Kein Schweiger ist Cory Booker. Der Senator aus New Jersey, einem US-Bundesstaat, der vor allem als die Heimat Bruce Springsteens bedeutend ist, hat gerade die längste Rede in der Geschichte des US-Senats gehalten. Booker sprach 25 Stunden und vier Minuten. Ohne Pause. Streng genommen war es kein klassischer Filibuster, also keine Mammutansprache mit dem Ziel, durch die Sprengung der Tagesordnung eine Abstimmung über ein ungeliebtes Thema zu verhindern. Booker wollte das, was viele Langredner am Pult und auf dem Küchenstuhl wollen: Aufmerksamkeit. Mit seiner Rekordansprache wollte der (Sozial-)Demokrat einerseits gegen die Politik des unzurechnungsfähigen Gelbhaarigen protestieren. Andererseits wollte er zeigen, dass die Demokraten in Washington noch eine Rolle spielen. Das erinnert ein wenig an Lars Klingbeil, der glücklicherweise nicht so lange redet, aber dennoch in den Koalitionsverhandlungen alles tut, um den Eindruck zu erwecken, die Sozialdemokraten seien in Berlin noch richtig am Leben. Allerdings ist Friedrich Merz auch nicht gelbhaarig.

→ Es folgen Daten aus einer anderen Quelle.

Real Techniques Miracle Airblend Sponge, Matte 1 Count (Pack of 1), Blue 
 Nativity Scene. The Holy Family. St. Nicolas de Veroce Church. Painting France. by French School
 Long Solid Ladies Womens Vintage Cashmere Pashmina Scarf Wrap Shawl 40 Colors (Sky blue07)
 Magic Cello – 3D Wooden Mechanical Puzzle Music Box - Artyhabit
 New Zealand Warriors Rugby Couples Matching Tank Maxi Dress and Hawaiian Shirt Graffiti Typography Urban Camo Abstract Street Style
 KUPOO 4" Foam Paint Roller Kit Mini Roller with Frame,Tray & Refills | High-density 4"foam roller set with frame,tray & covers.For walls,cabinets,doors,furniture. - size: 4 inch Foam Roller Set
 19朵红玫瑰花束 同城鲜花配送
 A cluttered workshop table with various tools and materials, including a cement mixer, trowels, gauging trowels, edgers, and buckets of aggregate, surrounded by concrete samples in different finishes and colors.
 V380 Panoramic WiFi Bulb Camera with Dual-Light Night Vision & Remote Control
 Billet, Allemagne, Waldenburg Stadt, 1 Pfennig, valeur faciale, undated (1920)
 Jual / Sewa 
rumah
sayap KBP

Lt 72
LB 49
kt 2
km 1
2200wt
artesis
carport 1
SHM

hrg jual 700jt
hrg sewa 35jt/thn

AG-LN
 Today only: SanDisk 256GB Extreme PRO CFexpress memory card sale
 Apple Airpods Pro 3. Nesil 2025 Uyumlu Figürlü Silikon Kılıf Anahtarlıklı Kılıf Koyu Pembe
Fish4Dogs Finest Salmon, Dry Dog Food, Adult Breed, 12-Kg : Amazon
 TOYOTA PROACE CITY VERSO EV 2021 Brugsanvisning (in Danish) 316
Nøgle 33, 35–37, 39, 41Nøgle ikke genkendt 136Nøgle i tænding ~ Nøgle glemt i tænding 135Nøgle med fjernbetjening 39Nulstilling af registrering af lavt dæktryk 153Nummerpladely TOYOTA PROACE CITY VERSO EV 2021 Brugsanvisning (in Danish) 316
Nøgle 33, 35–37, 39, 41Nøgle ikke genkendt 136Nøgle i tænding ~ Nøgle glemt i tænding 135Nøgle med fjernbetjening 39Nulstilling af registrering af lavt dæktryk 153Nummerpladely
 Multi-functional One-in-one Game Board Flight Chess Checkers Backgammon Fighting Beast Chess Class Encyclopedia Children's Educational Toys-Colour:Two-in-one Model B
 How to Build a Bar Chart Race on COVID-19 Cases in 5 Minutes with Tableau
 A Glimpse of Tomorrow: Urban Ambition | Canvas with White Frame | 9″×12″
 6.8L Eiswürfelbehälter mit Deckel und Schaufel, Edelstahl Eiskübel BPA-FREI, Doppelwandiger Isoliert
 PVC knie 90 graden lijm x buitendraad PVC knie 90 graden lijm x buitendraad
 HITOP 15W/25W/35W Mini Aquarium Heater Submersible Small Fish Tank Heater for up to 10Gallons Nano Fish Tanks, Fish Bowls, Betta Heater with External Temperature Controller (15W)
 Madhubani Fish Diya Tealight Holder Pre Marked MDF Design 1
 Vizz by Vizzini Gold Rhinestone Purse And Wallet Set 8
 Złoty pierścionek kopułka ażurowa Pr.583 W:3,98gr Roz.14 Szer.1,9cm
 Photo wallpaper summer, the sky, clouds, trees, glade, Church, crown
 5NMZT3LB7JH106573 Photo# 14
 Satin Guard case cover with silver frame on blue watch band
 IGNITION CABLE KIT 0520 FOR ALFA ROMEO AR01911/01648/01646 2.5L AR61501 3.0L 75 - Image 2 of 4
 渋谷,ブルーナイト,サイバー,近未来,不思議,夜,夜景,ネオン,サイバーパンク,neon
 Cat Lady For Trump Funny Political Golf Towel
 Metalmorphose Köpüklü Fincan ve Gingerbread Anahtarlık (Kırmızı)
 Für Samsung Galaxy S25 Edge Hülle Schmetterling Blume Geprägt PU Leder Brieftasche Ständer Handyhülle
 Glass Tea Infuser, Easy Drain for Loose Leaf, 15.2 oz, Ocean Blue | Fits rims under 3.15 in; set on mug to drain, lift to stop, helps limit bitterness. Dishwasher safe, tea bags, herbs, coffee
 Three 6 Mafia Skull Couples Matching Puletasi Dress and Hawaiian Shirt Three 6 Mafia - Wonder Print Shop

Im US-Senat gibt es keine Begrenzung der Redezeit. Im Bundestag schon. Die Lebenserfahrung seit Cato dem Jüngeren lehrt, dass es fast nie gut ist, wenn Menschen zu lange reden. Was „zu lange“ bedeutet, hängt entscheidend auch von der redenden Person ab. Läse James Joyce seinen „Ulysses“ vor, wäre dies, trotz näselndem Irentum, phänomenal. Einen anderthalbstündigen Monolog von Gerhard Polt hielte man besser aus als zwanzig Minuten Hubert Aiwanger. Und die Vorstellung, Boris Pistorius würde drei Stunden lang im Bundestag kleinfilibustern, könnte die Russen vielleicht mehr abschrecken als 500 neue Leopard-Panzer. Der Rede als solcher jedenfalls wohnt gewaltige Kraft inne. Den meisten Rednern und Rednerinnen leider nicht.